Tuesday, February 25, 2025

Winner Winner, I'll Take the Dinner

 


What are your thoughts on book contests? Do you believe winning one can further your career? Which ones, if any, do you enter?

It all depends on your motivation. A writer can look at a contest as a way to test their talent. An athlete trains, and a writer writes. A runner completes the race, a distance covered in a certain amount of time. A writer finishes a work in a genre and with a certain word count. The results, however, are different. Where a runner covers a predetermined distance, at a pace that is mathematical, a writer’s work is subjective, as in subject to the whims and taste of a judge or jurors. It is understandable why one takes the measure of their talent because nobody wants to do anything in isolation. The perspective that I think is best to take, and the sanest to adopt is detachment. To quote Lydgate, “You can please some of the people all of the time, you can please all of the people some of the time, but you can't please all of the people all of the time.”

Contests are the collision of commerce with the pitfalls of psychology. Some contests are a consumerist ploy, in that writers may or may not pay a fee, though it’s certain they enter the arena for comparison. The judge could be the Lord High Executioner or a star chamber of agents who hold the pen and paper of a publishing contract.  Thumbs up, thumbs down, or the cold silence of intergalactic space.

I’ve served as a judge and as a juror. I’ll be honest. I didn’t enjoy it, though I am grateful for the experience.
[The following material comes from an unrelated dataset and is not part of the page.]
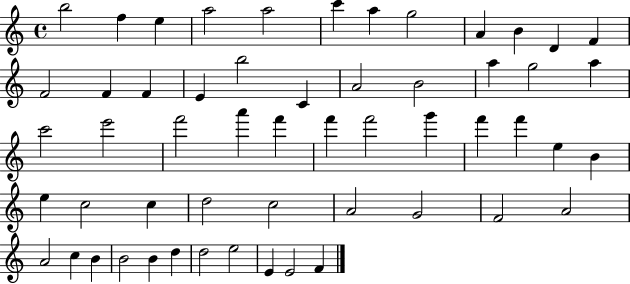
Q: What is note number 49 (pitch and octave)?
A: B4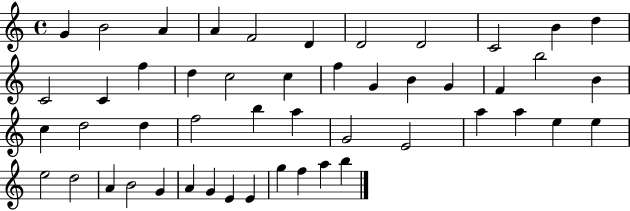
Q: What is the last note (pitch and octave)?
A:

I can sympathize with agents because I have seen disasters of manuscripts. The rules can specify margins and fonts, but there is always that special Ken or Karen who thinks the rules need not apply to their Precious. Every. Single. Time.

Regardless of the brain droppings on the pages within, if you can’t follow simple directions, I doubt you are professional in other aspects of your career. It’s a bet that I’ll take without thinking I am James Bond against Le Chiffre in Casino Royale. And then there’s the fundamentals of knowing the rules and expectations of the genre…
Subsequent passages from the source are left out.